Jason Hines had his question all ready yesterday for President Bush, who came a-callin' to Baltimore and talked to nine members of Jericho, a re-entry program for nonviolent, adult male ex-offenders.
Hines said he had served a year and a half for a theft conviction. His parole and probation officer recommended Jericho, which helps ex-offenders find jobs and housing once they get out of prison. Since the Episcopal Community Services of Maryland runs Jericho, it comes under the category of what's called a "faith-based initiative."
That's what brought Dubya to town; that's why he wanted to talk to Jericho. But there was something else on Hines' mind besides a job, or housing, or faith-based initiatives.
"I asked him about voting rights for felons," Hines, 32, said. "He informed me that that was something that was not going to be done across a broad level. He told us that anyone who's really passionate about their voting rights should write their senator or congressman, explain the circumstances about why they committed the crime and express remorse."
This is the second year for the Jericho program. It was funded from a three-year grant from the U.S. Department of Labor's Prison Reentry Initiative. The second year will be officially completed at the end of February; the third will run from March of this year through February of 2009. Jean Cushman, the executive director of ECSM, said there is money to fund a fourth year.
So perhaps Hines' question should have been: "Mr.
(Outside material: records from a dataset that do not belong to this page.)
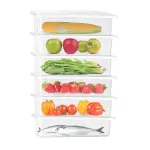 MILTON-Cryo Fridge Storage Boxes Set of 6 Fridge Organizer Container with Waterproof Vinyl Stickers & Removable Drain Plate, Lid, Stackable Box, Plastic Containers 1500 ml, Transparent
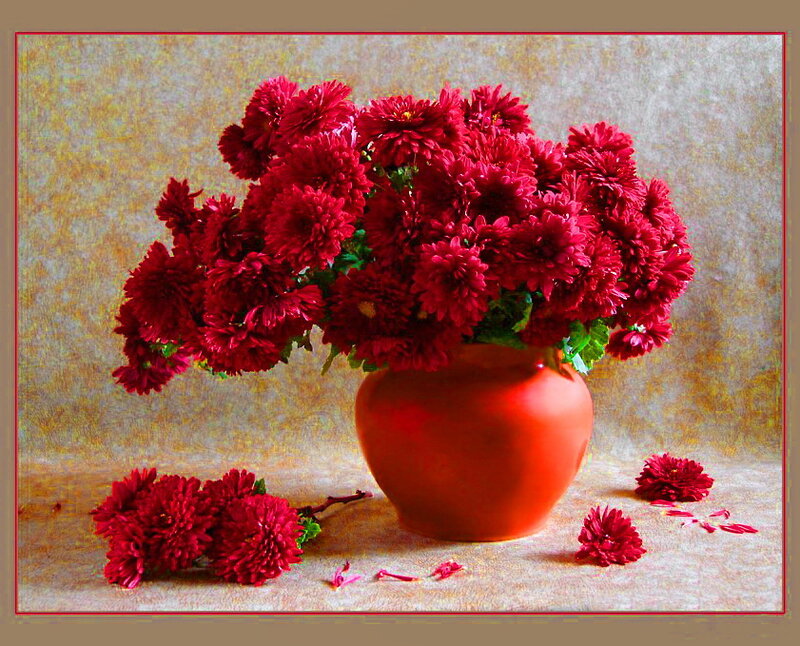 Red Chrysanthemums in Vase — Calm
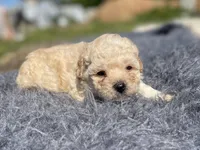 Freya, a male Poodle - Toy  for sale in Purdy, MO – 3 of 6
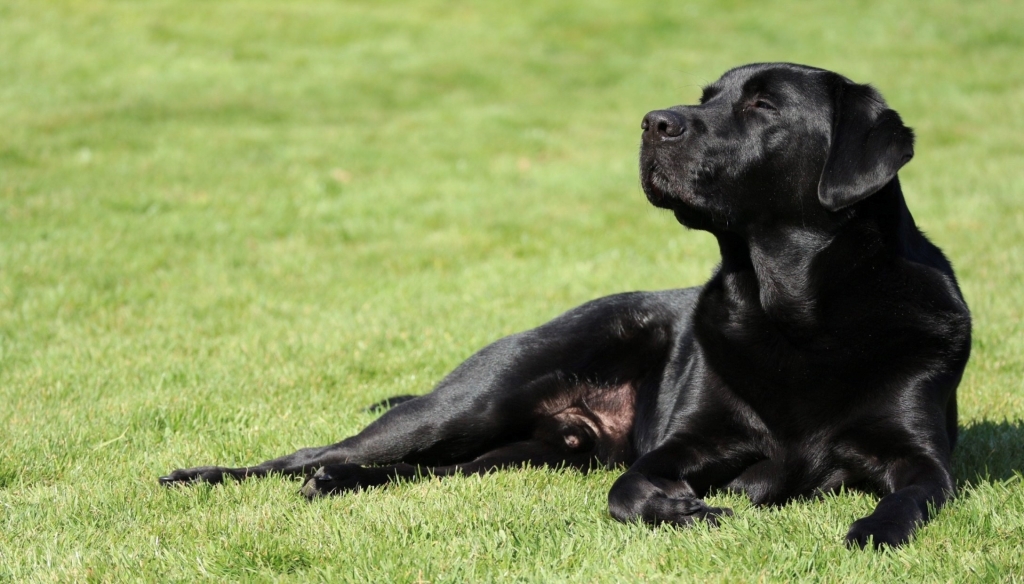 Jasper suffered a ruptured gall bladder and leakage of bile in to the abdominal cavity but is doing well years later thanks to DWR Veterinary Specialists.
President, wouldn't programs like this be easier to fund if the federal government weren't spending billions on the war in Iraq?"
But this was not a day to embarrass Dubya. Hines and other enrollees in the Jericho program said they were impressed with the president. He spoke to them about his own addiction to alcohol. He told them that his favorite food was enchiladas and that he hadn't given much thought to his post-presidential plans.
Then Bush autographed their GED certificates, address books or anything else they had handy. He gave them all official presidential pins, which they sported proudly on their shirt pockets. At the end, according to Jericho staffers who witnessed the scene, the guys in the program wrapped their arms around Bush as if he'd been one of their buddies from around the way and posed with him for snapshots.
You read that right: George W. Bush became a "Homey for a Day."
"I had mixed views about him," Hines said of his feelings for Bush before his visit. "But now I see him as a man just trying to do a job. Heavy lies the head that wears the crown. I was also impressed by his faith."
Pierre Leftfel just did a six-month stretch in Baltimore's city jail for a drug conviction. Leftfel said the president's message about personal uplift struck him the most.
"He said 'Give yourself a chance. Things will work out. When things look like they're bad for you, never give up. They'll get better at the end. Always look to your higher power.'"
Bush's talk about his alcohol addiction hit home for Leftfel, who has been a drug addict for half of his life. Leftfel said he's also sold drugs. There's a theory that says addicts have to hit bottom before they find the fortitude to kick their habits. Leftfel's bottom was when he found himself, at the age of 43, doing yet another stint in jail.
He wanted "to stop coming back to prison, going in and out," Leftfel said. "I'm too old for this right now."
Whether they felt they were too old or just plain tired of making Maryland's jails or prisons a second home, some 365 people have enrolled in the Jericho program, according to ECSM. Of that number, 237 have been placed in jobs.
The recidivism rate for Jericho participants, according to ECSM, is 22 percent, compared with the Baltimore rate of 52 percent. Some 67 employers in the Baltimore area have hired program participants in fields as varied as installing cables, warehouse work, steel manufacturing, construction, trucking, maintenance and hotel and restaurant work.
Jericho's numbers are a drop in the bucket of ex-offenders who need help returning home from prison, if the data provided by ECSM are correct. About 9,000 people are released from Maryland prisons every year. There should be more programs like Jericho, not fewer. There should be much more money allotted to them, not less.
None of the participants in the Jericho program asked Bush how much more money could have been diverted into re-entry programs if we weren't spending money for a war in Iraq, but the president can be certain of one thing:
Someone, somewhere will very soon ask him precisely that question.